The effect of dissolved oxygen on the pyrolytic degradation of jet fuels

Future high-speed aircraft will require fuels that can withstand high temperatures and pressures. Research into the mechanisms of degradation has revealed that fuels undergo different degradation mechanisms at different temperatures. At relatively low temperatures (150°C–250°C), the fuel reacts with dissolved oxygen in a process termed autoxidation to form gums and varnishes. At higher temperatures (<400°C) pyrolysis takes place, and the fuels break down to form carbonaceous solids. Between these two temperatures, intermediate reactions occur. Although much research has been done on autoxidation and pyrolysis, little research has been done on the intermediate reactions or the link between the two regimes.; This research focuses on the effects of the presence of dissolved oxygen in the fuel. The hypothesis of this work is that the presence of dissolved oxygen in a fuel has an effect on the pyrolytic deposition behavior and thermal stability of the fuel. The effect, namely increasing or decreasing the deposit formation, is dependent on the fuel composition. Six fuels were tested for this work: three fuels consisting largely of hydroaromatic and aromatic compounds, and three fuels consisting mainly of naphthenic compounds.
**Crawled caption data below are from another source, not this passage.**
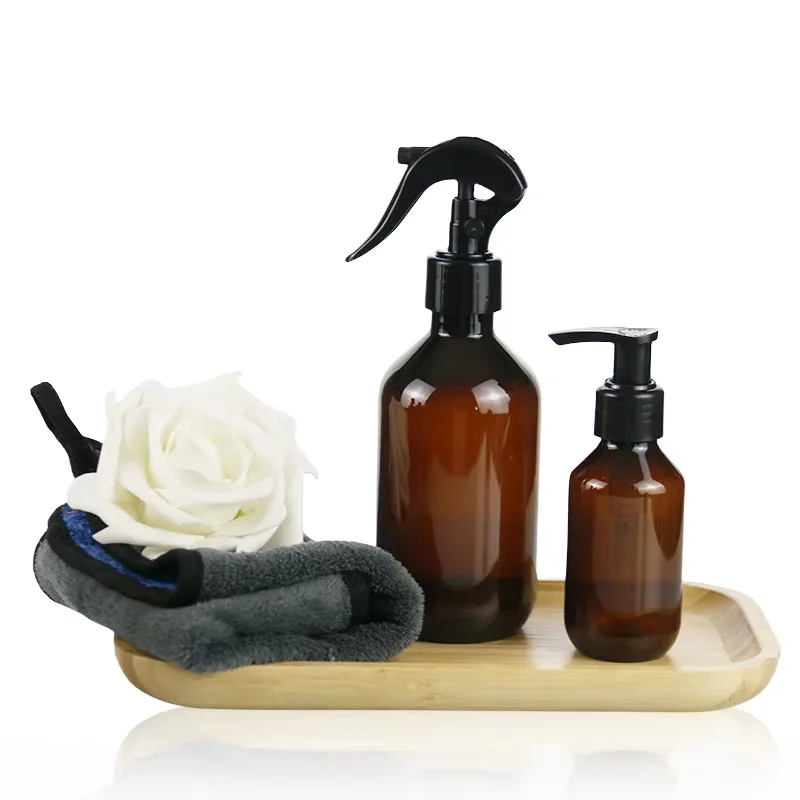 Empty Air Freshener Perfume Bottle 100ml 200ml 250ml 300ml 500ml Trigger Spray Pump Container Plastic Spray Bottle With Trigger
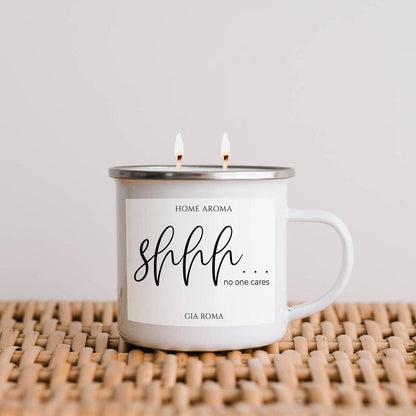 Personalized 16oz Candle Mug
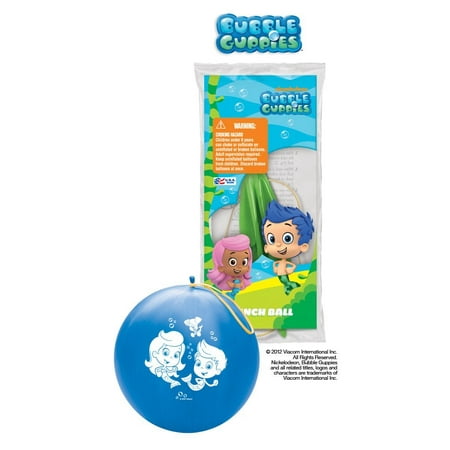 Party Supplies - Pioneer Punch Balls Balloons 1 ct/Each Bubble Guppies 65897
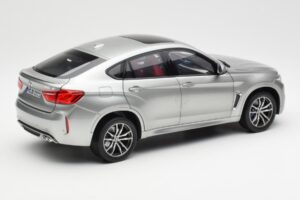 BMW X6 M F86 Donington Grau Metallic Norev 1:18 80432364886 Metall – Bild 3 von 8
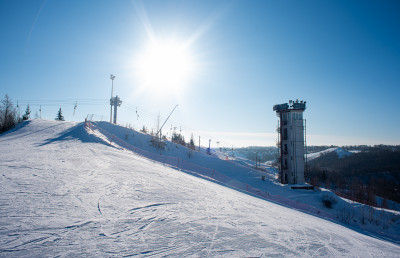 Спортивный парк «Волен», горнолыжный курорт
These fuels were expected to be thermally stable.; Removal of dissolved oxygen via nitrogen sparging increased the pyrolytic stability of all six fuels. The process of nitrogen sparging removed volatile compounds from the fuel, which may have increased the thermal stability of the fuels at higher temperatures. The fuels were also rated in thermal stability. Those containing naphthenic compounds were found to be more stable than those containing hydroaromatic and aromatic compounds, particularly in the autoxidative regime. Additionally, the fuels that contained fewer n-alkanes exhibited greater pyrolytic stability.; There was also substantial evidence that the mechanism for pyrolytic deposit formation differs if dissolved oxygen is present or absent. Temperature-programmed oxidation profiles and scanning electron microscope images show that the deposit from the fuels has a different structure depending on the oxygen content of the starting fuels. This is especially obvious in the intermediate deposits. These differences are more pronounced in the deposits formed from the fuels consisting of hydroaromatic and aromatic compounds than in the deposits formed from the fuels consisting of naphthenic compounds.